"Anaknya tiap hari ngerjain kok, Bu, tapi Ibunya repot tur lalen."
Demikian chat seorang ibu dari murid saya mengirimkan tugas putranya. Si ibu terlupa tidak mengirimkan tugas selama 3 hari. Padahal sang putra selalu mengerjakan tugas setiap hari.
Ya. Saya paham dan lumayan hafal dengan murid saya. Meski putra si ibu tadi termasuk siswa pindahan. Baru semester ini dia sekolah di instansi tempat saya bekerja.
Baru beberapa bulan belajar dengan saya, tak membuat saya tak paham si anak tadi. Sangat hafal. Anak itu termasuk tertib dalam menyelesaikan tugas.Â
Di saat temannya ramai, memukuli rolling door, dia tidak ikut-ikutan. Tentunya saya tak hanya hafal putra ibu tadi. Seluruh siswa pasti sudah saya hafal, siapa yang suka ngambek, nangis, usil, rajin, bicara dengan suara keras, malas menyelesaikan tugas, dan sebagainya.
Kini di saat pandemi ini, mereka belajar bersama orangtua. Terutama ibu. Padahal ibu adalah sosok yang sangat repot. Dari pagi hingga malam, selalu saja ada pekerjaan menanti. Belum lagi ketika si ibu memiliki balita.

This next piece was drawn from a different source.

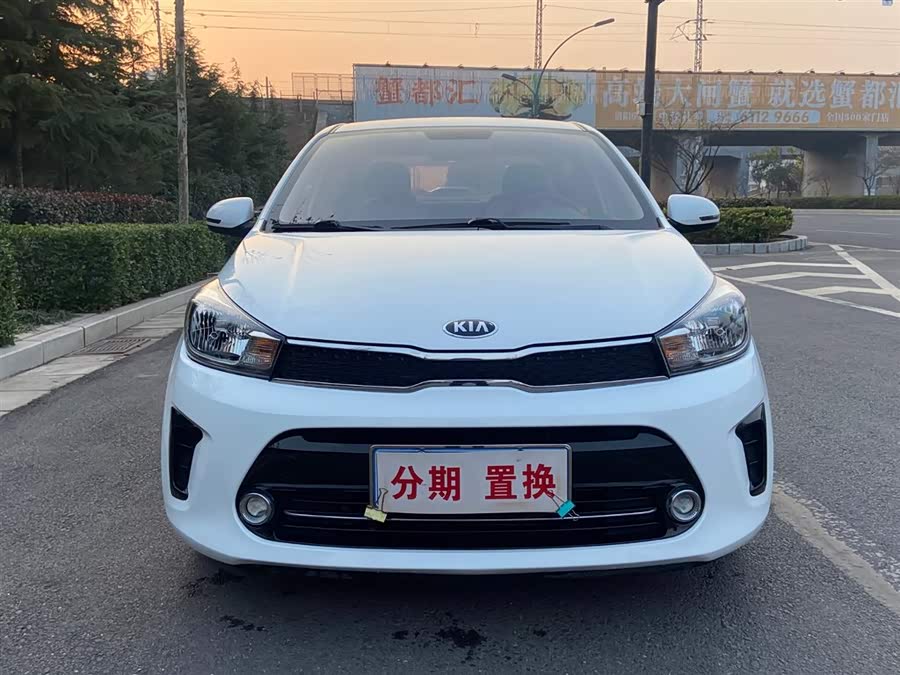 起亚 焕驰 2018 汽车图片 #3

Saat ini saya sangat mengapresiasi para orangtua, terutama ibu-ibu yang membantu kelancaran tugas saya. Saya menyadari bahwa di saat ini belum bisa membersamai putra-putri mereka. Namun tak ada keluhan dari mereka yang disampaikan kepada saya.
Mengingat kerepotan para ibu, saya tidak terlalu banyak memberikan pembelajaran dan tugas mandiri. Tidak semua materi saya berikan sesuai dalam buku siswa.Â
Saya hanya memilihkan materi yang sangat diprioritaskan. Karena saya mengajar di kelas IV dan banyak materi tentang cerita daerah dan sejenis, saya pilihkan beberapa saja.
Yang agak sulit ketika pembelajaran untuk mata pelajaran Matematika. Ketika saya menyampaikan materi di kelas dan saling bertatap muka saja para siswa bingung dalam mengerjakan dan mengaplikasikan rumus dalam soal-soal. Apalagi dalam pembelajaran online.